India under Prime Minister Modi has been a huge investor in infrastructure, but there seems to be another side to it that involves weird security and data collection infrastructure.  It was most noticeable in the new international terminal at Delhi.  There had always been a passport and boarding pass check by the military before you could enter the terminal, so that’s not news.  There had often been up to three or four different security screenings before you got on the plane, especially domestically, so that’s pretty old hat as well.

What’s new is the photo technology.  Entering the terminal as the solider looked at my passport, usually he would have been looking at me.  Not this time, I noticed he was looking over my shoulder.  There was a five-foot told obelisk of sorts with an enlarged image of my picture and passport to verify that it was one and the same.

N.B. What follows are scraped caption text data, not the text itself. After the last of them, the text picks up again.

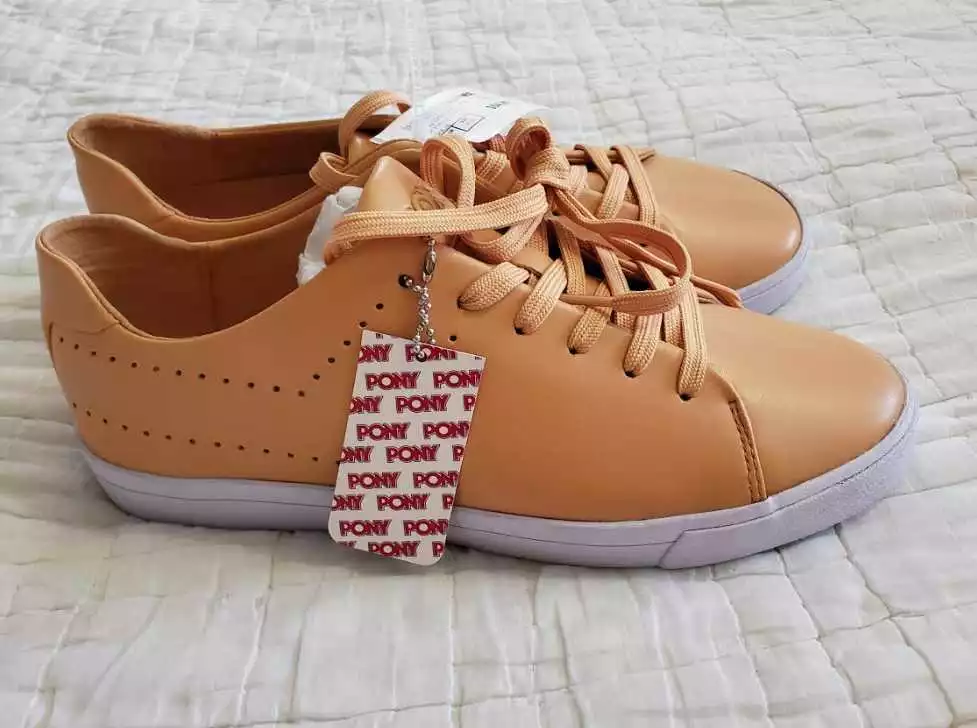 NEW W O BOX MEN S 9.5 PONY TOPSTAR TOP STAR LUX LO TAN WHITE SKATE SHOES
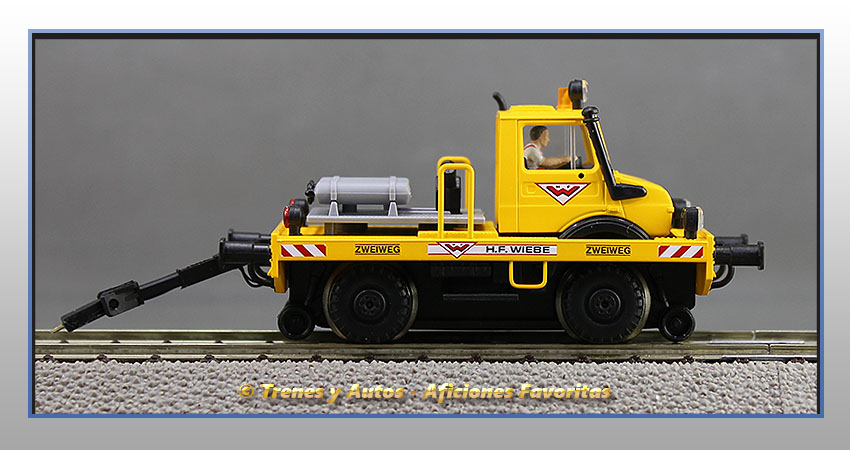 Máquina vía Unimog con remolque hilo catenaria - Grupo Zagro - DB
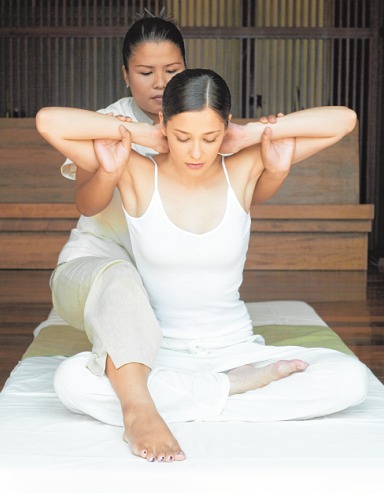 Voller Körpereinsatz bei der Thai-Massage ISTOCK//IMAGE SOURCE Voller Körpereinsatz bei der Thai-Massage ISTOCK//IMAGE SOURCE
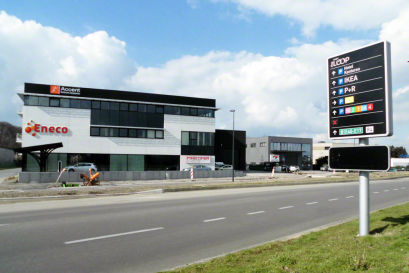 Toku-E has rented a semi-industrial building on The Loop in Ghent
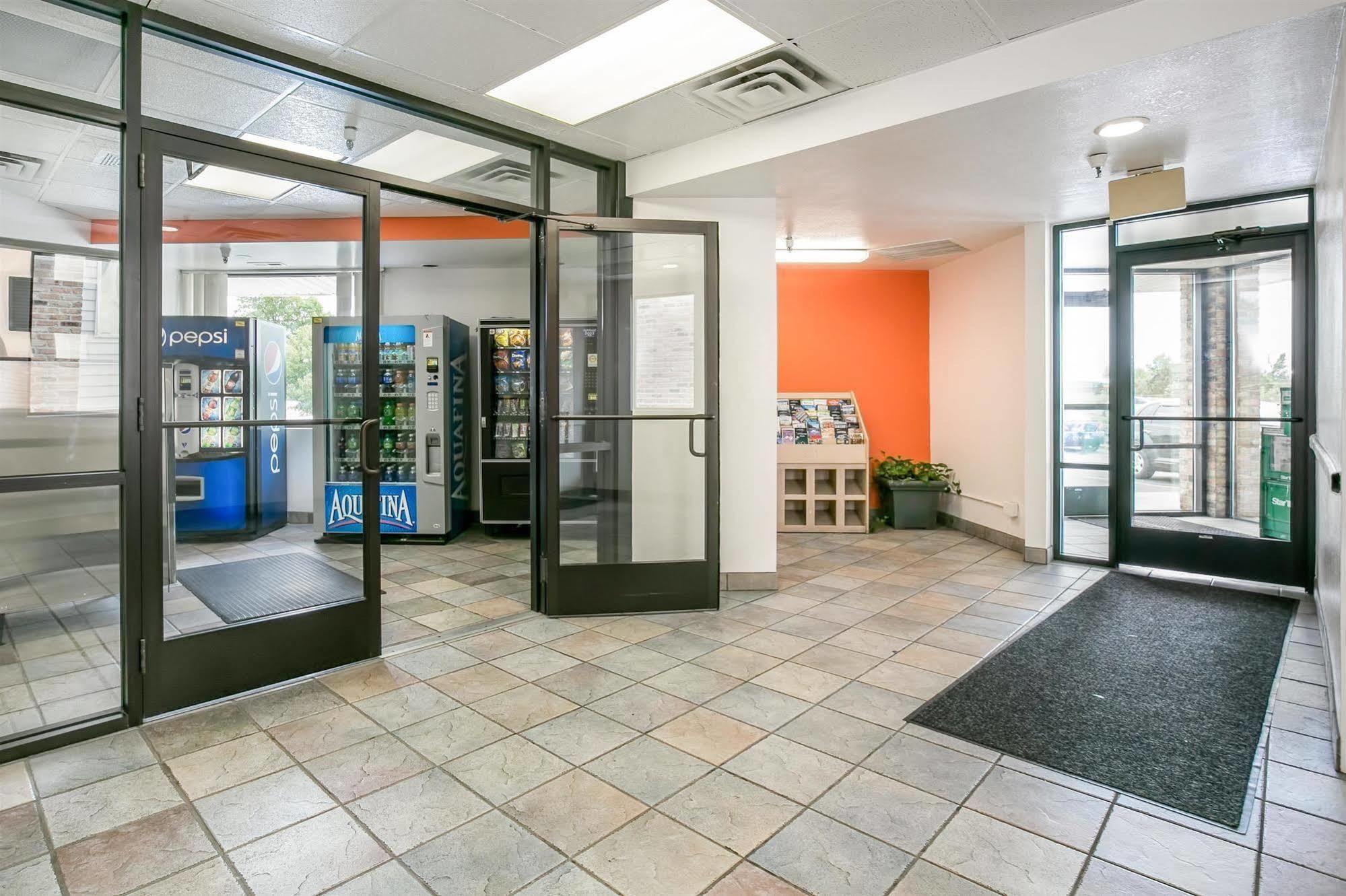 Motel 6 Minneapolis Airport - Mall Of America Εξωτερικό φωτογραφία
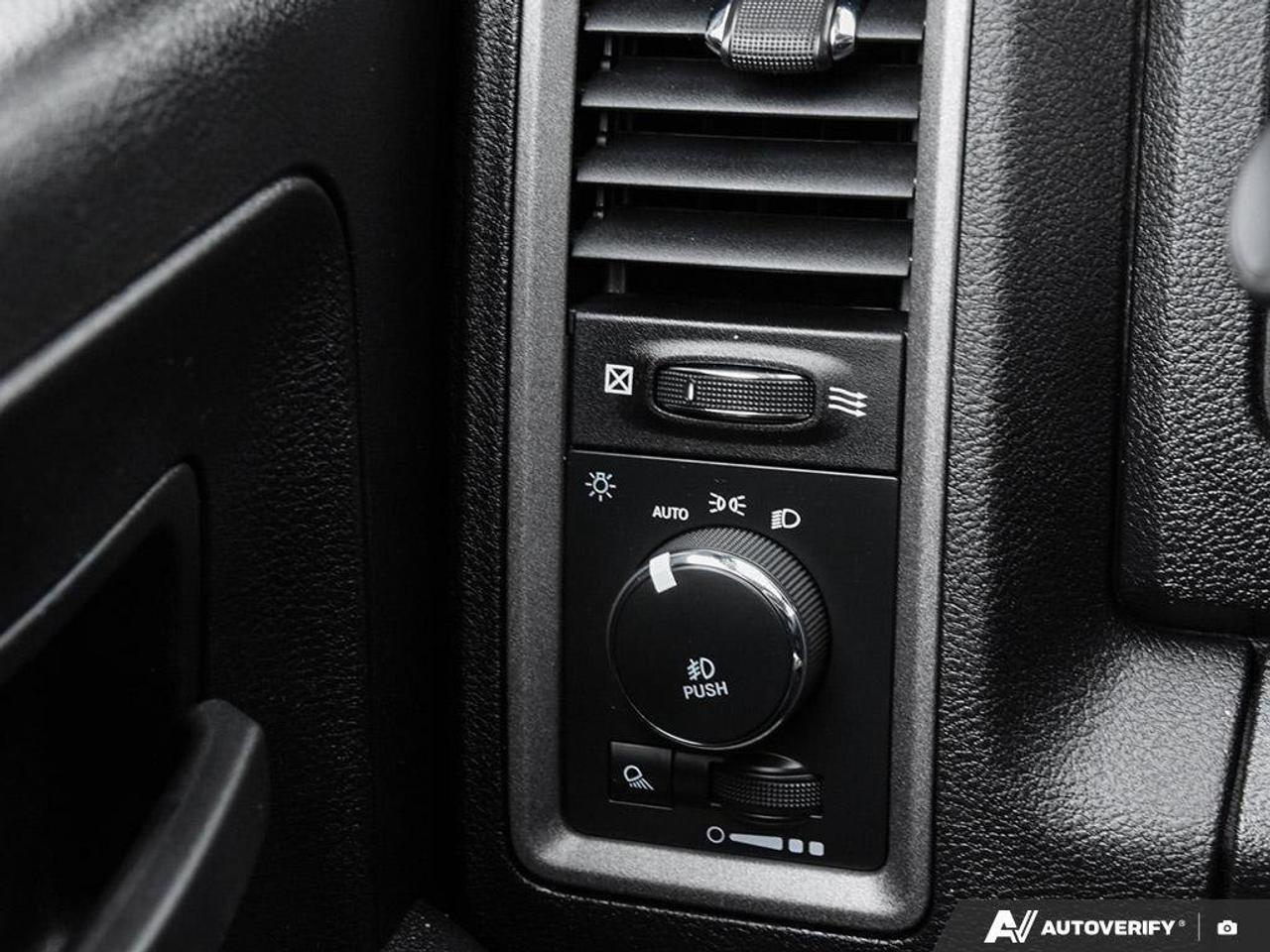 2022 RAM 1500 Classic ExpressBLACK EXPRESS, NIGHT, HEMI, CREW, 4X4, TOW Photo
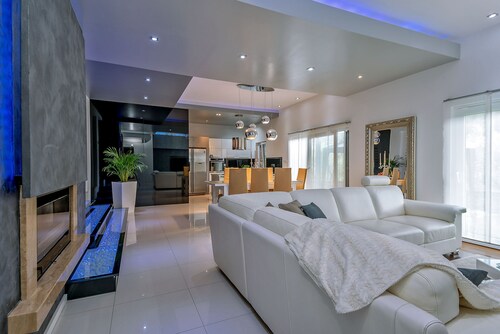 Luxury Villa with heated private pool,sauna,whirlpool, In solitude...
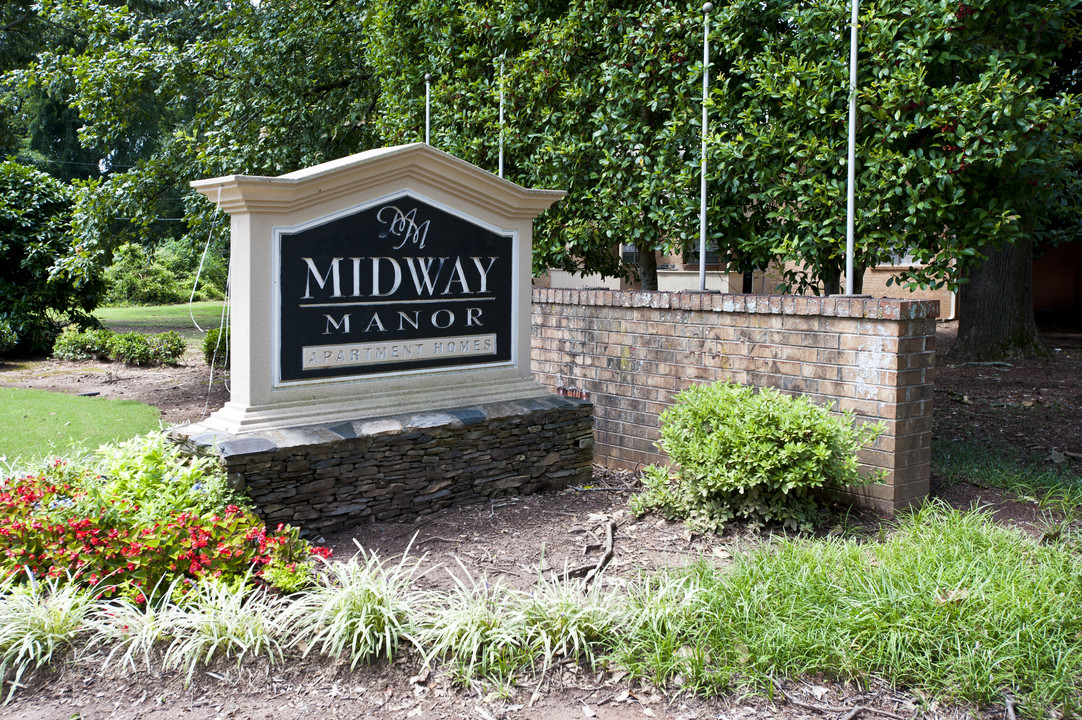 Midway Manor Apartments in Decatur, GA - Building Photo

In this ultra-modern facility, there was supposedly free internet, but when you tried to get on, bizarrely, you were sent to queue up at a kiosk to get a coupon with your ID.  Why?  To access the internet in the Air India lounge, they had to take your passport and make a copy as well.  When checking in at the YMCA Tourist Hostel at the counter they had to copy your passport as usual, but they also had to take a picture.  When I checked in after returning from Katmandu, they didn’t care about my passport, but they made me come back to the checkout counter to take my picture again.  There’s no way this is random.  These photos are being collected by the state.

Going through the “real” security was a timely and chaotic process.  Even in this new facility manned by the military, the scanner was old school and separated men from women.  A passenger had to be screened again before going through, and then collect a bunch of small plastic boxes in order to disgorge all electronics.  There was no automatic recovery for the bins, so they were constantly running out.  It was all as if it was an afterthought and not real security at all.  One soldier handed a large plastic water bottle back to a woman behind me after screening.  The soldiers let me go back without screening to look for something I thought I had left behind in the chaos.  The takeaway from all of this modernization in the Delhi airport was clear:  for some reason data and photo collection had become the priority, not security.  How about that for a headscratcher?

Who knows?   The smog and pollution in Delhi are no joking matter.  One of our team had asthma and wore a mask the whole time.  Once I saw the moon.  Another day, I saw the sky for a bit.  Taking a couple of taxis to meetings, I have to admit that despite the horrendous, anarchistic traffic, some parts of the city were beautiful with flowers planted and blooming everywhere.  I’ve often kidded Dharmendra Kumar, ACORN India’s Delhi director, who claims that Delhi is a city of parks, when I have visited in other seasons in the heat and dust, but I started to believe this visit that he might be right, and I am surely wrong at least in parts of this megalopolis.  Crossing the river into East Delhi is still a horror of sights and smells, though.

India is so important to the global future that it’s worth a visit and a lot of worry these days.